I use google to search this question. But I can only find that this conclusion is true and can not find a specific example. So could you give me one specific example? Thank you very much!

• Take $S$ to be the open set of a projective space parametrizing degree $d\geq 4$ smooth hypersurfaces in $\mathbb{P}^3$, with $X$ the universal hypersurface over $S$. Then $\rho$ is not locally constant. (Try googling Noether-Lefschetz theorem). May 31, 2020 at 15:26
• @Mohan I googled it and I could only find the statement of Noether-Lefschetz theorem, that is the general hypersurface of degree $d\geq 4$ has the Picard group $Z$. But I could not find why $\rho$ is not locally constant? Could you recommend me some more specific reference about it? Thanks a lot.
– Mike
May 31, 2020 at 18:52
• Connect a general hypersurface with Picard group $\mathbb{Z}$ and the Fermat hypersurface of degree $d$. The Fermat has Picard group large and show that taking $S$ as this line (open set of a line containing only smooth ones), show that $\rho$ is not locally constant. May 31, 2020 at 18:56
• @Mohan I see, thank you very much. By the way what is exactly Picard number of $x^4+y^4+z^4+w^4$?
– Mike
May 31, 2020 at 20:29
• I have found the answer, the Picard number is 20.
– Mike
May 31, 2020 at 20:37

To give such an example, we need to use two facts.

Noether-Lefschetz theorem: If $$S_{d}\subseteq \mathbb{P}^{3}$$ is a very general surface, then $$\mathrm{Pic}(S_{d})\cong \mathbb{Z}$$.

Hence we could choose a quartic surface $$S_{0}$$ in $$\mathbb{P}^{3}$$, such that $$\rho(S_{0})\leq 1$$.

The Picard number of Fermat's surface $$S_{F}: x^4+y^4+z^4+w^4=0$$ is 20.

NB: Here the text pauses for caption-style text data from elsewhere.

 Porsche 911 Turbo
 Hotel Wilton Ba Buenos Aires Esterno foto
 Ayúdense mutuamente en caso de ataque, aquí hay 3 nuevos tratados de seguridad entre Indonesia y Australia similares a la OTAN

Construction: Let $$Y$$ be the open set of a projective space parametrizing degree $$d = 4$$ smooth hypersurfaces in $$\mathbb{P}^{3}$$ , $$X$$ be the universal hypersurface over $$Y$$. Then $$\rho$$ is not locally constant, since $$\rho(S_{0})\leq 1, \rho(S_{F})=20$$.

For an elliptic curve $$E$$ over $$\mathbb{Z}$$, the Picard number of $$E \times E$$ is $$3$$ if $$E$$ has no complex multiplication (generated by horizontal, vertical, diagonal classes) and 4 if it does (also take the class of the graph of a non-integer endomorphism).

So you can take any family of elliptic curves which includes all isomorphism classes, e.g. the Legendre family $$y^2 = x(x-1)(x-\lambda),$$ and consider the fiber product of this family with itself over the base to get a family of elliptic surfaces where the Picard number jumps at special points.